Aan haar voeten heeft hij zich uitgestrekt, Aan haar voeten is hij in slaap gevallen; Doch waar hij zich neerlegt, Ligt hij nu dood.
Aan haar voeten kromp hij ineen, viel hij neer en bleef hij liggen. Aan haar voeten kromp hij ineen en viel hij neer. Waar hij ineen was gekrompen, daar viel hij neer, overweldigd.
Aan het venster door de tralies Tuurt en weeklaagt Sisera’s moeder: Waarom laat zijn
Uit het venster tuurt Sisera's moeder klagend zit zij voor de tralies: `Waarom komt zijn strijdwagen niet, waar blijft het gedreun van zijn wagens?'
De wijste harer edelvrouwen geeft haar ten antwoord, Wat ze reeds bij zichzelf had bedacht:
De wijste onder haar edelvrouwen geeft haar steeds weer ten antwoord:
Ze hebben buit gevonden, die ze moeten verdelen; Eén, twee slavinnen voor iederen held! Buit: bonte kleren voor Sisera; Buit: bonte kleurige doeken; Een, twee bonte doeken Als buit voor zijn hals.

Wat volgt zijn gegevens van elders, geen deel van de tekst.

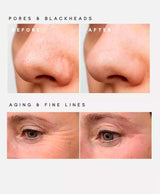 Microdermabrasion Exfoliating Heads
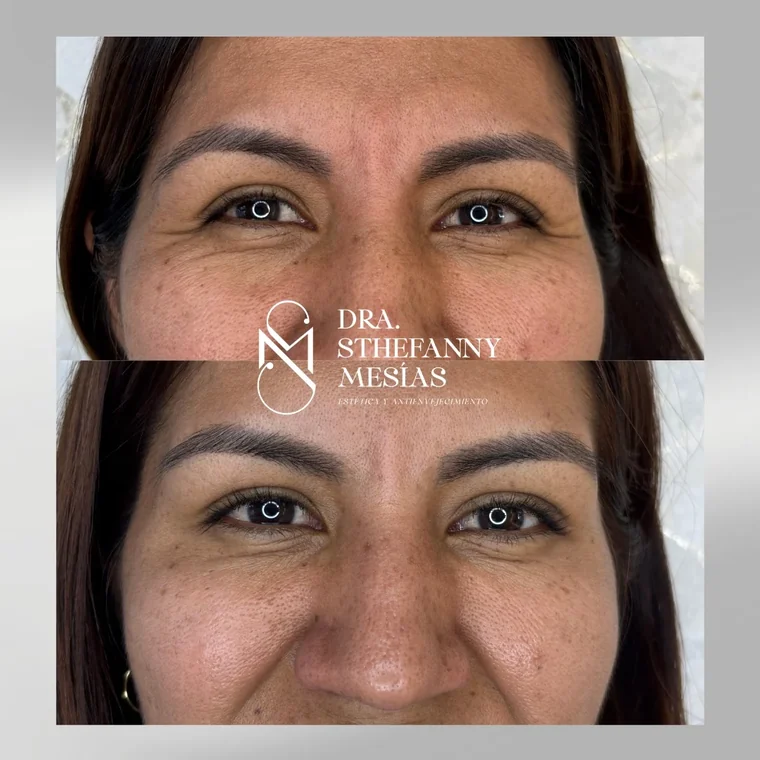 Resultado antes y después de una aplicación de toxina botulínica realizada por la Dra. Sthefanny Mesías en Cali, caso 3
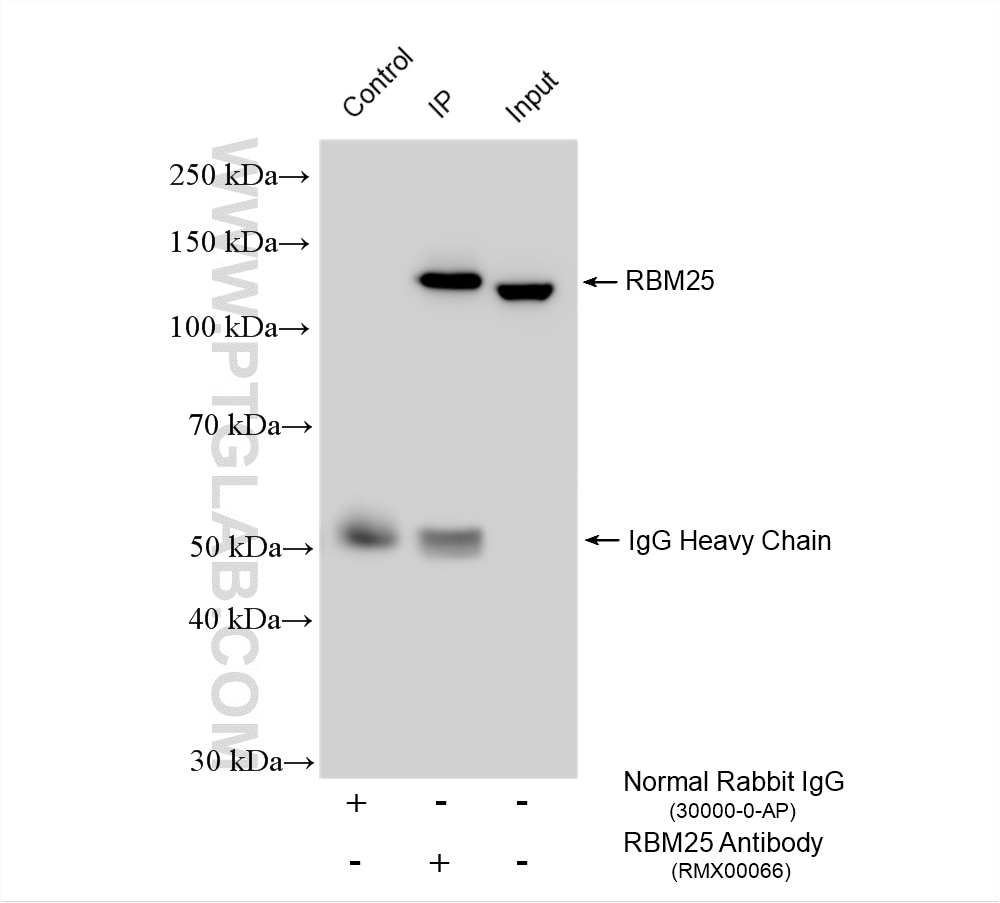Immunoprecipitation (IP) experiment of HEK-293 cells using Multi-rAb® RBM25 Multi-Recombinant antibody (RMX00066)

`Zij hebben toch immers een buit bemachtigd en delen die nu: een, twee vrouwen voor elke soldaat; kleurige stoffen zijn Sisera's buit, bonte stoffen zijn deel; een, twee geborduurde doeken voor de hals van zijn vrouw.'
Zo mogen omkomen Al uw vijanden, Jahweh! Maar die U liefhebben Mogen zijn als de opgang der zon in haar kracht! En het land genoot veertig jaar lang rust.
Zo mogen te gronde gaan, Jahwe, al uw vijanden; maar die U beminnen, mogen zij zijn als de kracht van de rijzende zon. Toen had het land veertig jaren rust.